I'm saying that mostly, but not exclusively, from a division of concerns standpoint. You're acquiring the semaphore in a completely different context than you're releasing it. On the one hand, that's partly a programming style issue. On the other hand, it can also have some really important consequences: for example, it's actually the event loop itself that is releasing the semaphore for you when the task is done. Because of the way the event loop works, it's hard to say exactly when the semaphore will be released. You want to hold it for the absolute minimum time possible, since it's holding up execution of other connections in the loop. Putting it into a dedicated coroutine makes it clearer what's going on, makes it such that the acquirer and releaser of the semaphore are the same, and means you are definitely holding the semaphore for the minimum amount of time possible (since, again, execution flow will not leave any particular coroutine until you yield/await another). In general I would say that releasing the semaphore in a callback is significantly more fragile, and mildly to moderately less performant, than creating a dedicated coroutine to hold the semaphore and handle the request.
Does that all make sense?
> Either it does not fail at all, which seems unlikely, or it fails silently, which is more likely and is bad.

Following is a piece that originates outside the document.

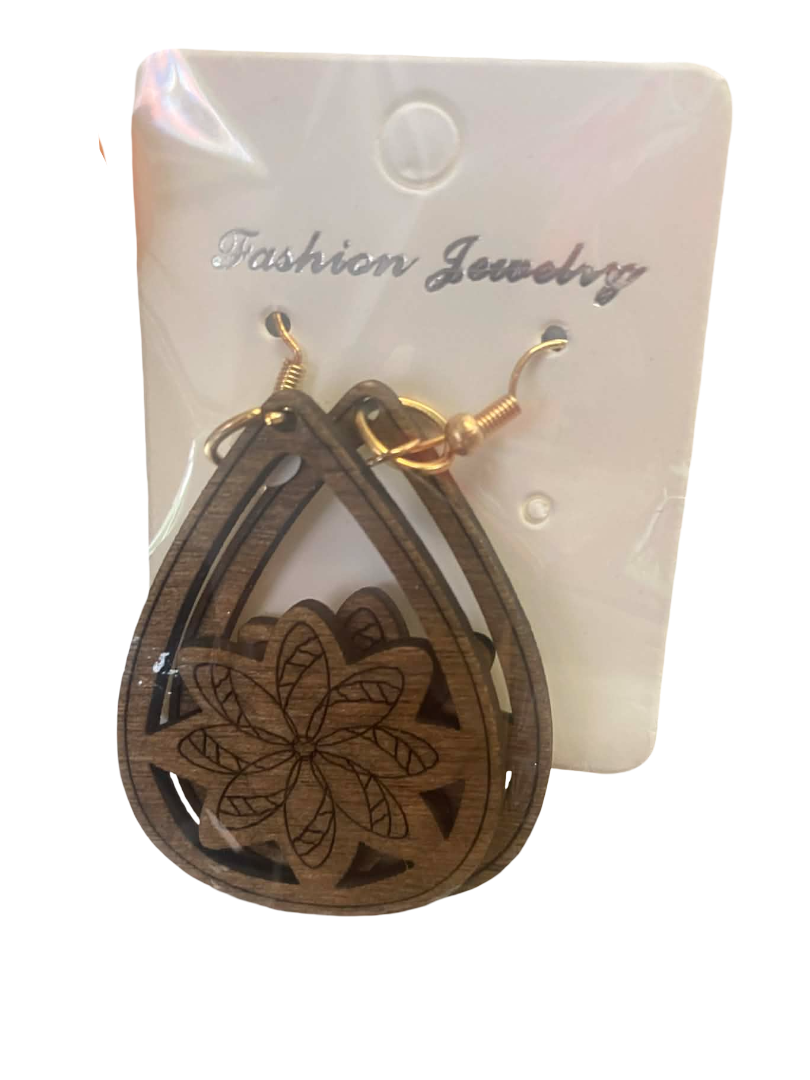 Brown Flower Pacific Earrings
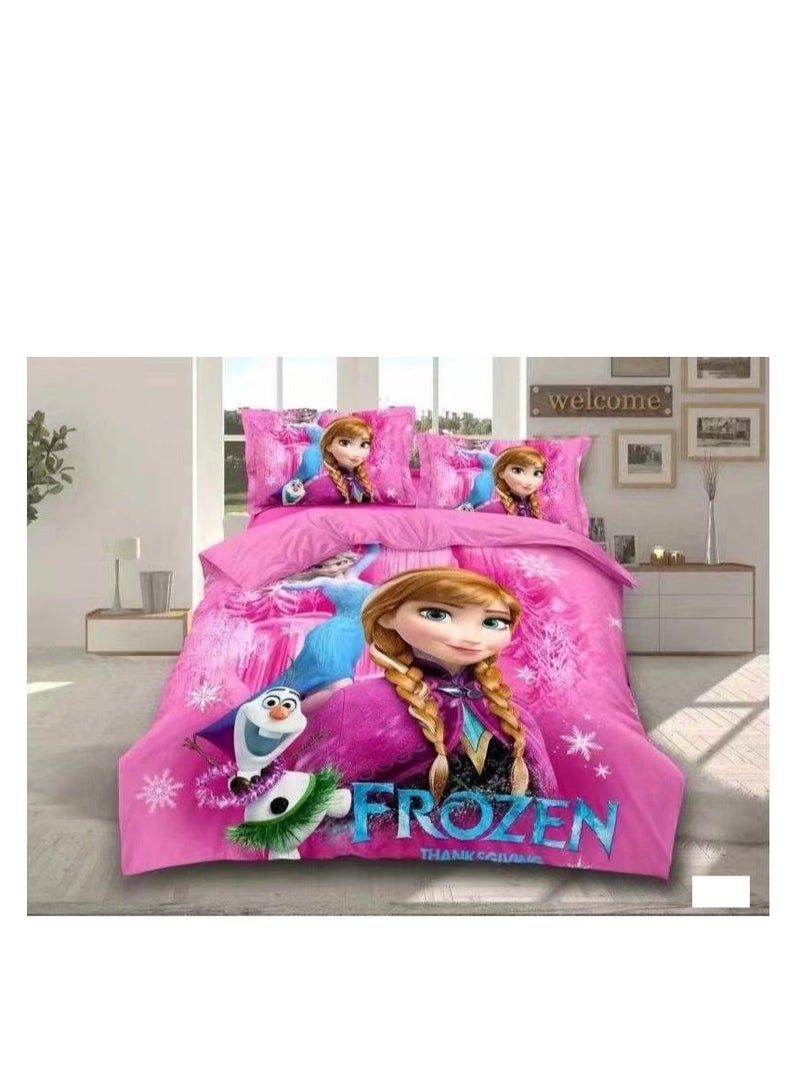 3D Comforters Queen Size Cartoon characters bedding set with fixed duvet insert, fitted bedsheet and pillowcase, 4-Pieces set QU2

That's a fair statement, I think. As an aside, the print statement is slow, so keep that in mind. It might actually be faster to have a single memory-mapped file for the whole thing, and then just append the error and traceback to the file. The built-in traceback library can be very useful for that. That's also a bit more realistic, since obviously IRL you wouldn't be using a print statement to keep track of errors. On a similar note, because file access is so slow, you'd be best off figuring out some way to remove the part where the server accesses the disk once per connection entirely. On a real-world system you'd possibly use some kind of memory caching system to do that, especially if you're just reading files and not writing them. That allows you to use a little more memory (potentially as little as enough to have a single copy of the file in memory) to drastically improve performance.